Возникновение принципа композиции

Говоря о превращении системы модальной формульности в систему октавных звукорядов и о переходе от синтетического понимания мелодии к пониманию аналитическому, мы умалчивали до сих пор о том, что этот процесс шел рука об руку с другим процессом — с возникновением и первыми шагами практики многоголосия. Первые упоминания об этой практике связаны с именем Скота Эриугены и с трактатом Псевдо-Хукбальда «Учебник музыки», а это значит, что идея октавных звукорядов и идея многоголосия — обе они начали реализовываться практически одновременно. При ближайшем рассмотрении выясняется, что это не просто параллельно и одновременно существующие явления, но что они представляют собой фактически две стороны одной медали. По этому поводу Н.И.Ефимова пишет следующее: «Характерную особенность второй практике придает и то, что она стала функционировать параллельно с практикой раннего многоголосия. Причем научная теория ладового осмысления хорала, сформулировавшая в средневековой модальной системе звукорядные конструкции каждого лада, его звуковой объем, единичность финального тона, а также тона речитации, определившая, наконец, позицию полутонов, тоже оформлялась одновременно с разработкой нормативов вертикальной организации звуковысотного пространства. Вспомним, к примеру, что пен-тахордная аналитическая схема Псевдо-Хукбальда из “Учебника музыки” <...> которая в истории музыкального мышления символизирует новую ступень осознания звуковысотных связей, вошла в музыкальную науку о монодии вместе с практикой квинтового органума. А хукбальдовское понимание консонанса, изложенное им в трактате “О музыке”, вмещало в себя горизонтальное и вертикальное его измерения. ...Невольно возникает вопрос, насколько точно известная нам теоретическая концепция, абстрагированная в звукорядную плоскость, отражала уровень ладового сознания монодийной эпохи»6.

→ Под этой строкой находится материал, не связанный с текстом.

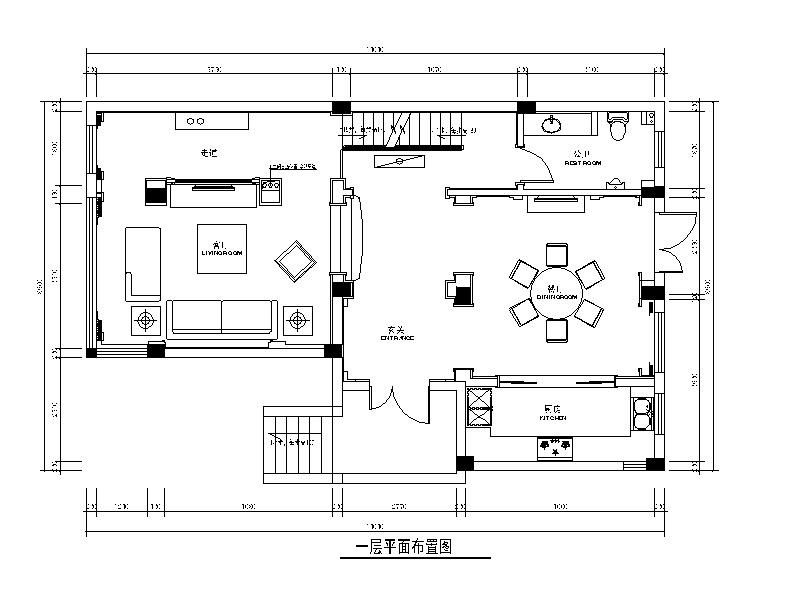 [江苏]欧式风格联排别墅样板房设计CAD施工图（含效果图...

Ответ на поставленный вопрос напрашивается сам собой: известная нам теоретическая концепция Октоиха, абстрагированная в звукорядную плоскость, ни в коем случае не отражает уровень ладового сознания монодийной эпохи, но представляет собой порождение новой эпохи — эпохи многоголосия, а точнее говоря, эпохи контрапунктического многоголосия, или проще — эпохи контрапункта. И здесь мы подходим к проблеме различных оперативных пространств, ибо понятия монодии и контрапункта самым непосредственным образом связаны с этой проблемой. Когда мы говорим о системе модальной формульности и о системе октавных звукорядов, то говорим о различных видах звукового материала. Наличие различных видов звукового материала влечет за собой наличие различных пространств, в которых эти виды звукового материала могли бы существовать и структурироваться сообразно своей природе. С другой стороны, именно пространства различной природы и различной метрики обеспечивают само существование различных видов звукового материала. Таким образом, звуковой материал и оперативное пространство представляют собой нерасторжимое взаимообуславливающее единство, а это значит, что каждому виду звукового материала должно соответствовать свое оперативное пространство и каждому пространству соответствует свой вид звукового материала. Ответ на вопрос, поставленный Н.И.Ефимовой, столь однозначно прост именно потому, что в нем речь идет о соответствии вида звукового материала «своему» пространству. Система формульной модальности может существовать только в условиях монодического пространства, а система октавных звукорядов неразрывно связана с пространством контрапункта. Вот почему становление системы октавных звукорядов и процесс рационализации системы Октоиха нельзя рассматривать в отрыве от становления нового, контрапунктического, пространства.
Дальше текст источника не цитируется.